What you have to do
The entries below are to be returned as written, with all pictures dropped.

The records

------------------------------------

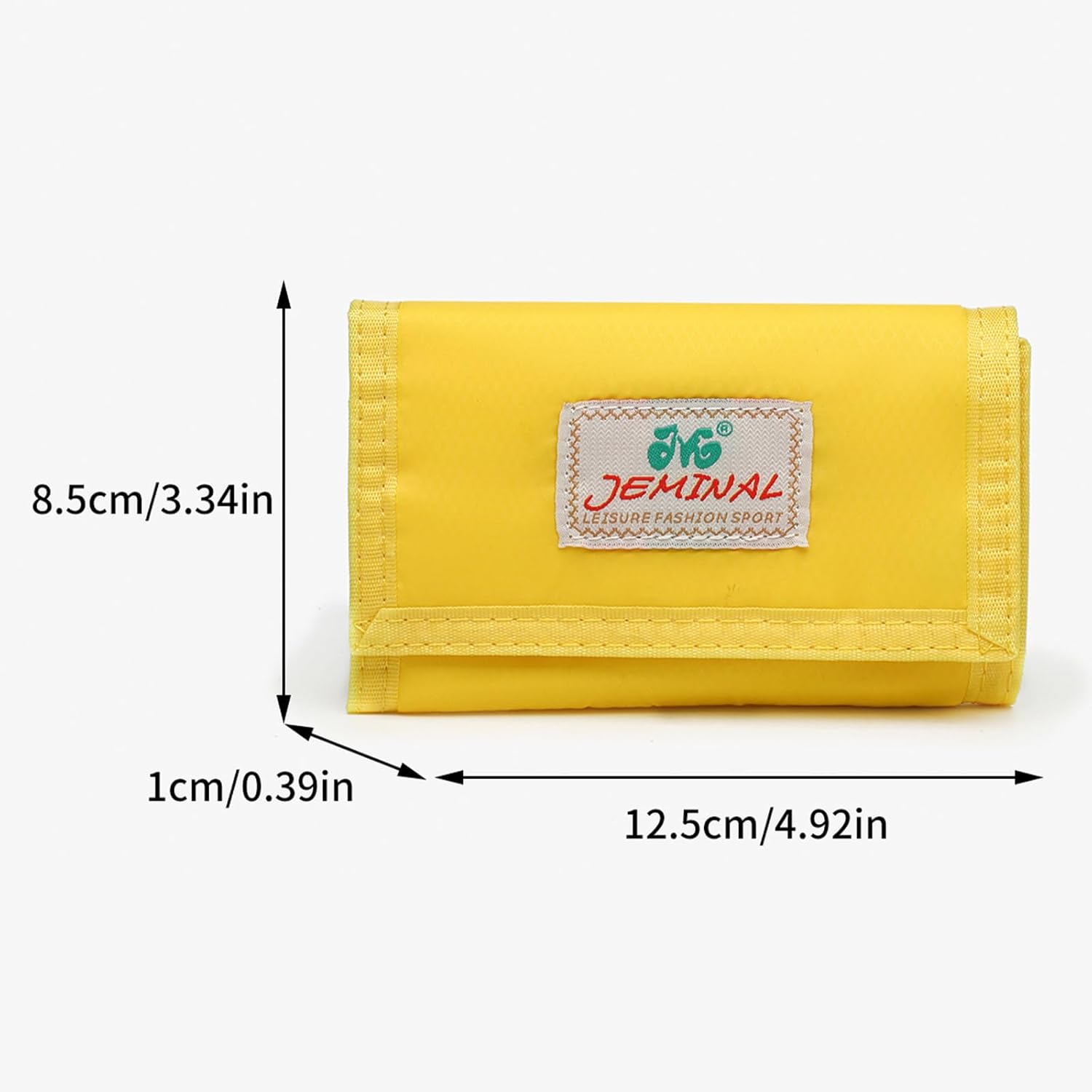 JEMINAL Mens Tri-fold Sport Outdoor Wallet for Men Women with Keychain Zipper Coin Pocket Card Holder Ultra-thin Waterproof Soft Yellow Nylon - Image 2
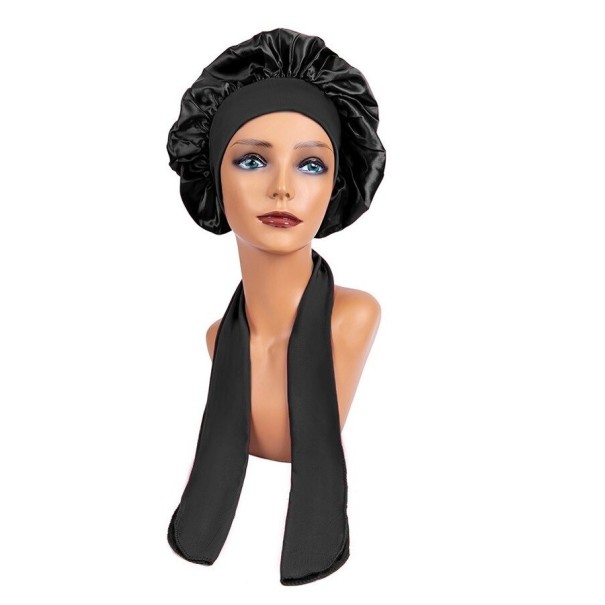 Bonnet de nuit en satin pour femmes avec bandeau noir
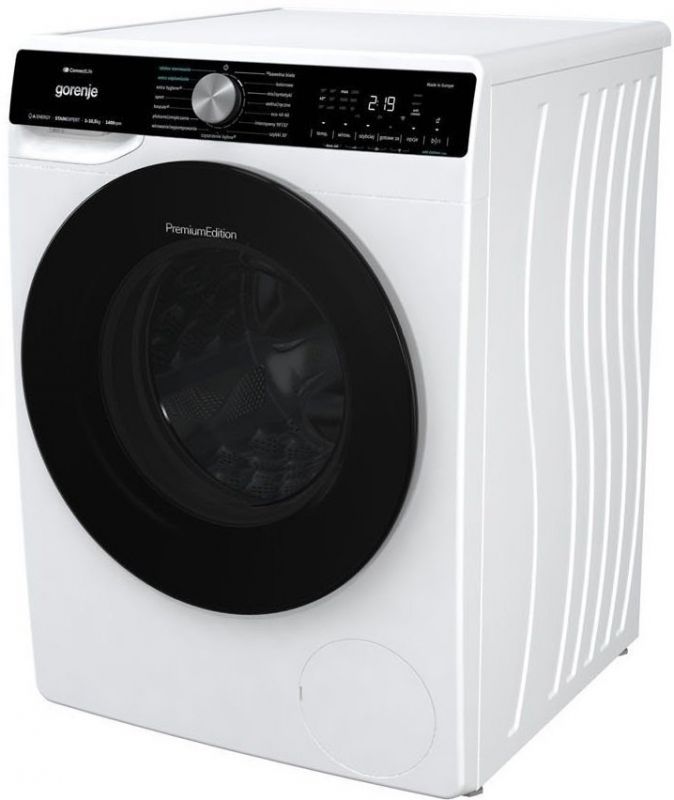 Пральна машина Gorenje фронтальна, 10,5кг, 1400, A+++, 60см, дисплей, інвертор, пара, Wi-Fi, білий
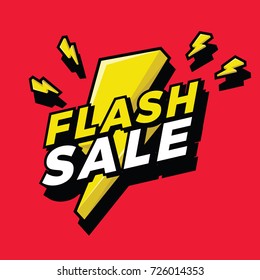 Ultra Dynamic 3D Flash Sale Sign with Bright Yellow Lightening Bolt.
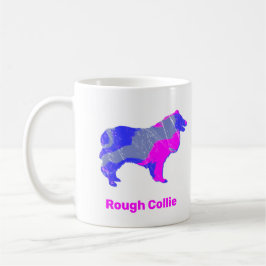 Collie Rough Hund Cute Rosa Silhouette White Kaffemugg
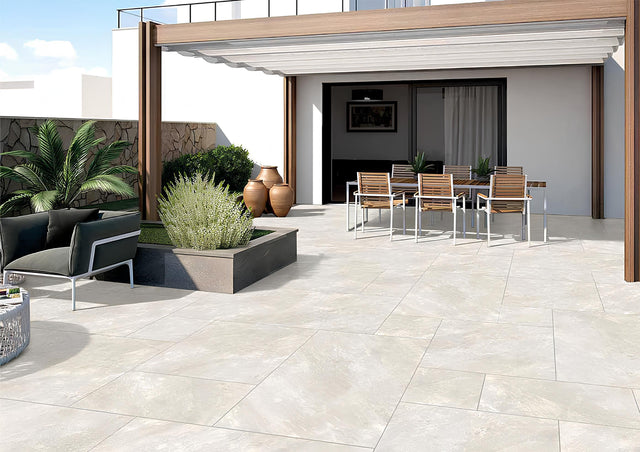 Luzia Porcelain Paving Cloud White Outdoor Tiles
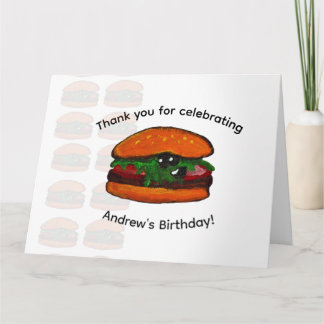 Festa de Aniversário de Hambúrguer Agradecimento
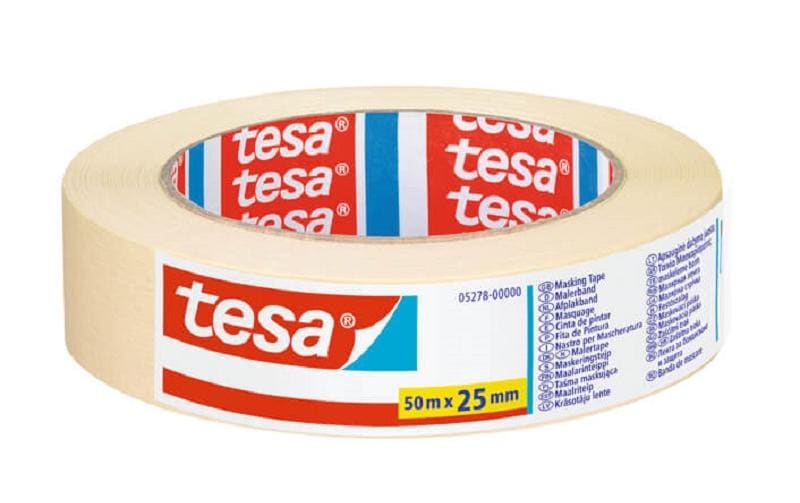 tesa Krepp-Abdeckband – 25 mm × 50 m, beige, für Innenbereich, Papier, rückstandsfrei bis 3 Tagen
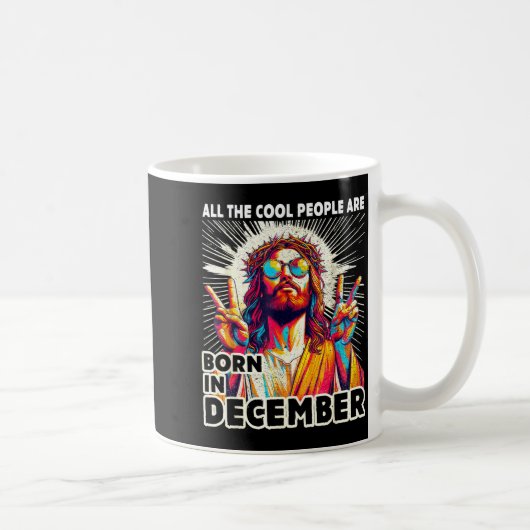 Cool People Are Born In December Christian Christm コーヒーマグカップ (右)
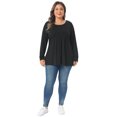 thumbnail image 3 of DARING DIVA Women's Plus Pleated Blouses Crew Neck Soft T-Shirt 1X Black, 3 of 6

------------------------------------

Task solution
 JEMINAL Mens Tri-fold Sport Outdoor Wallet for Men Women with Keychain Zipper Coin Pocket Card Holder Ultra-thin Waterproof Soft Yellow Nylon - Image 2
 Bonnet de nuit en satin pour femmes avec bandeau noir
 Пральна машина Gorenje фронтальна, 10,5кг, 1400, A+++, 60см, дисплей, інвертор, пара, Wi-Fi, білий
 Ultra Dynamic 3D Flash Sale Sign with Bright Yellow Lightening Bolt.
 Collie Rough Hund Cute Rosa Silhouette White Kaffemugg
 Luzia Porcelain Paving Cloud White Outdoor Tiles
 Festa de Aniversário de Hambúrguer Agradecimento
 tesa Krepp-Abdeckband – 25 mm × 50 m, beige, für Innenbereich, Papier, rückstandsfrei bis 3 Tagen
 Cool People Are Born In December Christian Christm コーヒーマグカップ (右)
 thumbnail image 3 of DARING DIVA Women's Plus Pleated Blouses Crew Neck Soft T-Shirt 1X Black, 3 of 6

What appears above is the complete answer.